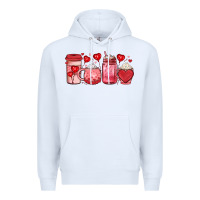 White valentines day coffee Premium Hoodie - JahusDesignShop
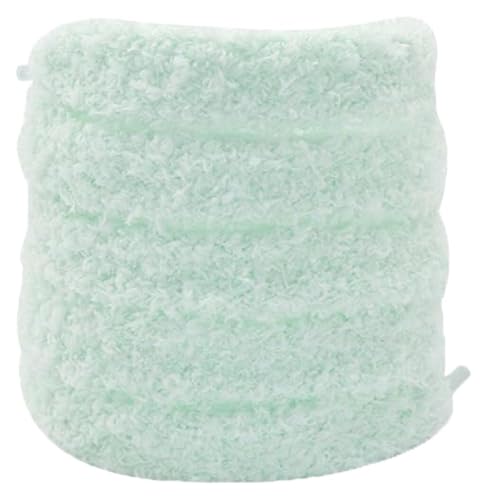 RSRSR Sneaker-Schnürsenkel, 1,5 cm, Flache Schnürsenkel aus Plüschstoff for lässige Sneakers, Jogginghosen, Kapuzenpullover-Kordelzug(Mint Green,7.375) von RSRSR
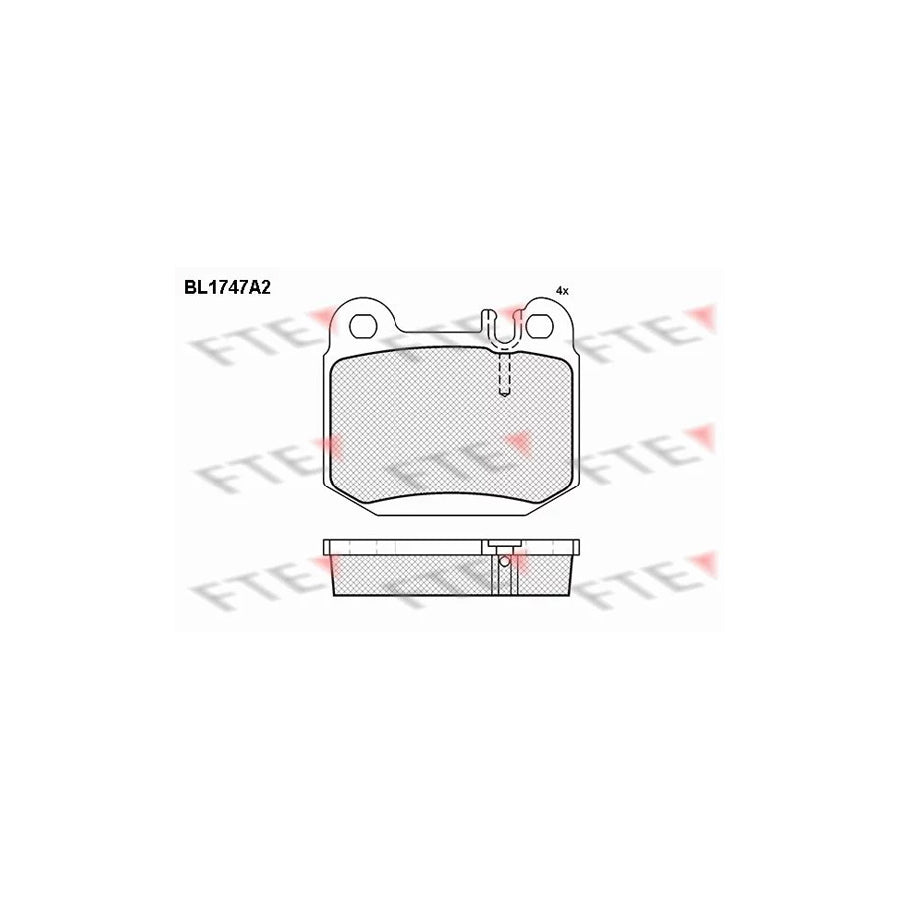 FTE Bl1747A2 Brake Pad Set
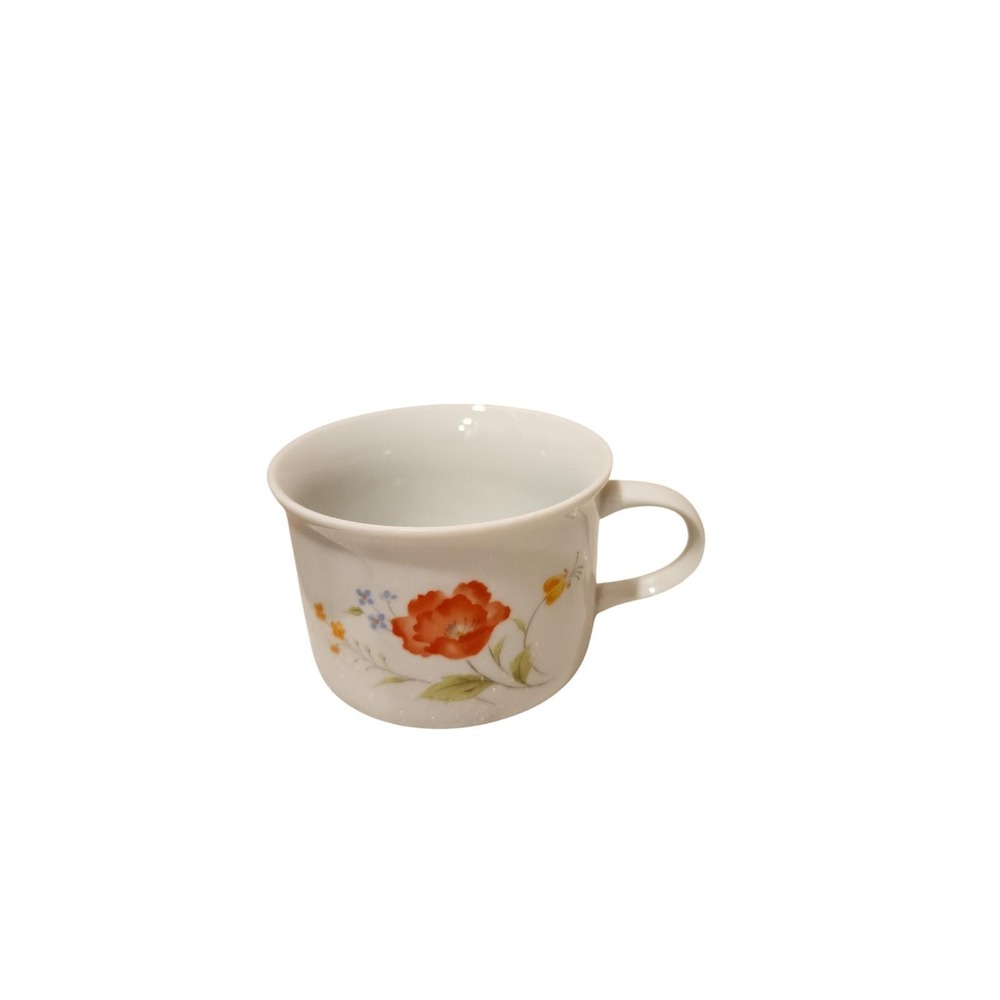 Hearthside Bake N' Serve Soup Mugs‎ 14 oz Floral Porcelain Set of 4 Japan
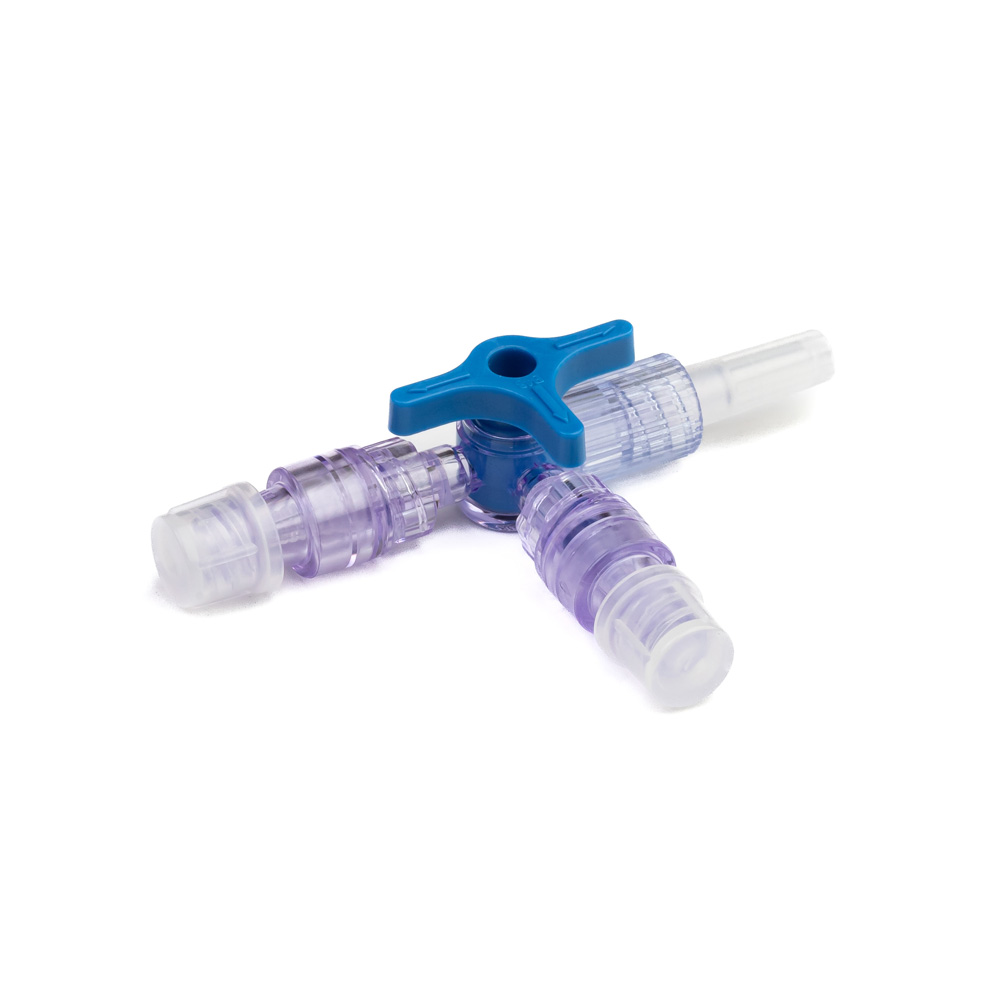 3-Way Stopcock With Neutral Needlefree Injection Valve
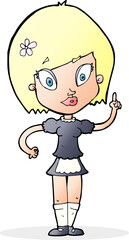 cartoon pretty maid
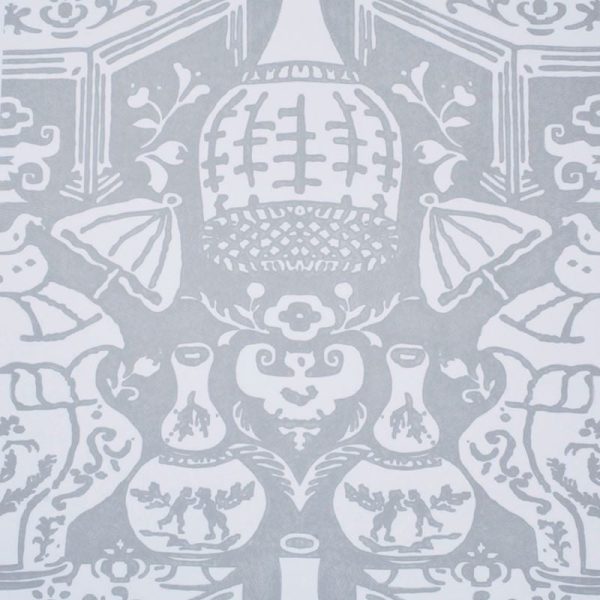 Clarence House Wallpaper 6801-15 The Vase Grey Blue Supply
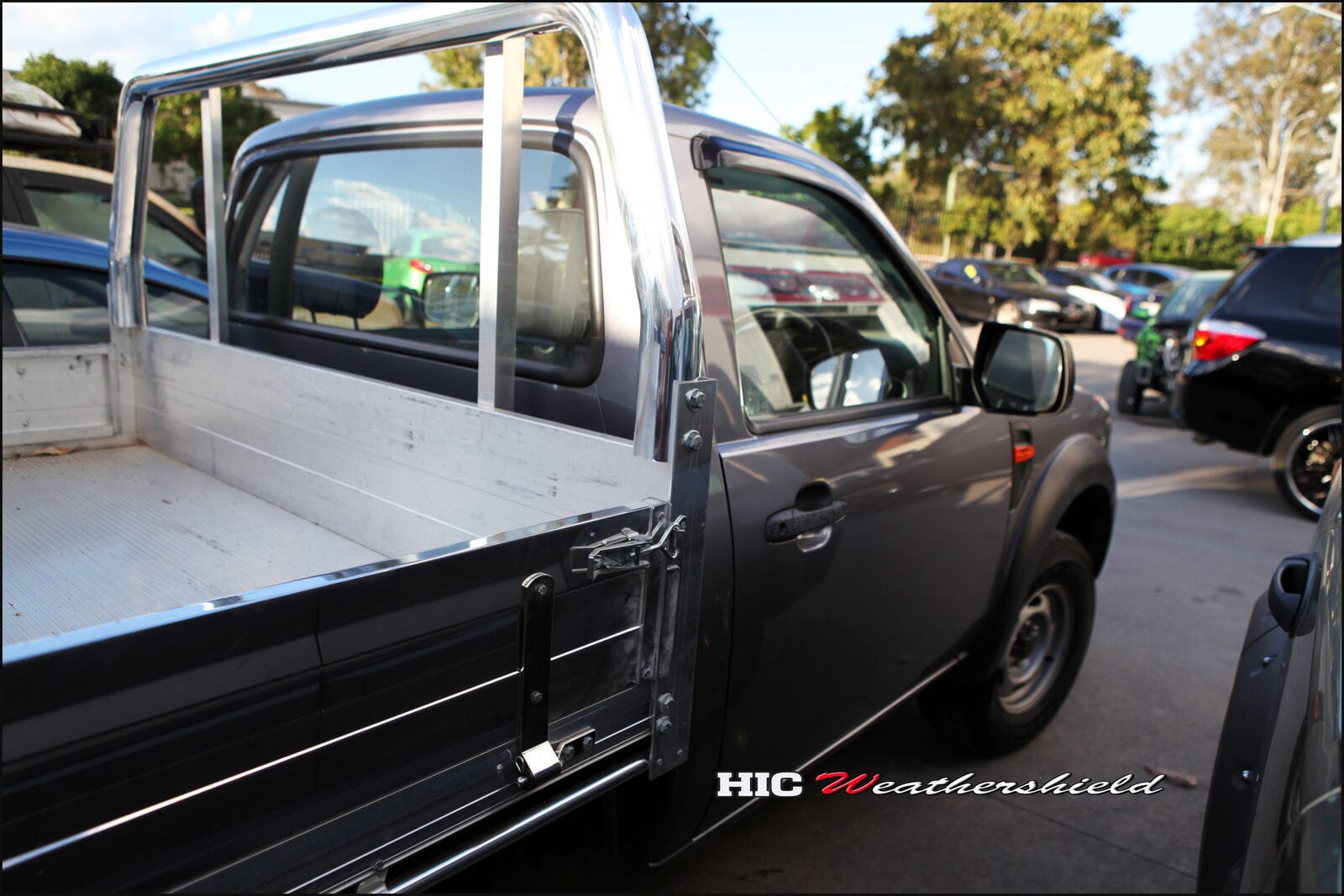 Ford Ranger PK Single Cab Weather Shields 2006-2012, Durable, Stylish, UV Protection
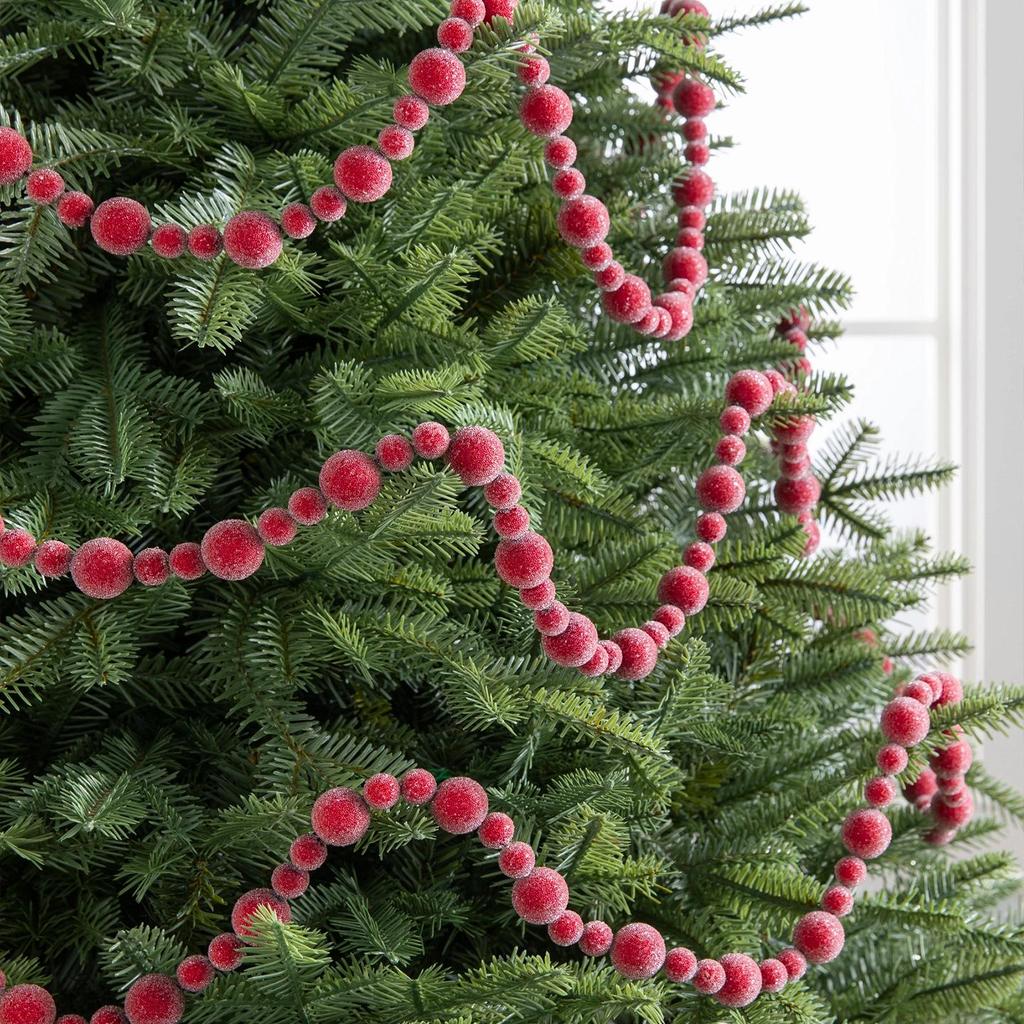 NUCHI Red Berry Christmas Tree Decoration Garland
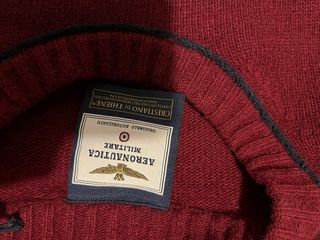 Jersey lana Aeronautica Militare rojo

**Instructions for the task**
Output the data exactly as it appears. The pictures do not belong in it.

**Exercise answer**
 White valentines day coffee Premium Hoodie - JahusDesignShop
 RSRSR Sneaker-Schnürsenkel, 1,5 cm, Flache Schnürsenkel aus Plüschstoff for lässige Sneakers, Jogginghosen, Kapuzenpullover-Kordelzug(Mint Green,7.375) von RSRSR
 FTE Bl1747A2 Brake Pad Set
 Hearthside Bake N' Serve Soup Mugs‎ 14 oz Floral Porcelain Set of 4 Japan
 3-Way Stopcock With Neutral Needlefree Injection Valve
 cartoon pretty maid
 Clarence House Wallpaper 6801-15 The Vase Grey Blue Supply
 Ford Ranger PK Single Cab Weather Shields 2006-2012, Durable, Stylish, UV Protection
 NUCHI Red Berry Christmas Tree Decoration Garland
 Jersey lana Aeronautica Militare rojo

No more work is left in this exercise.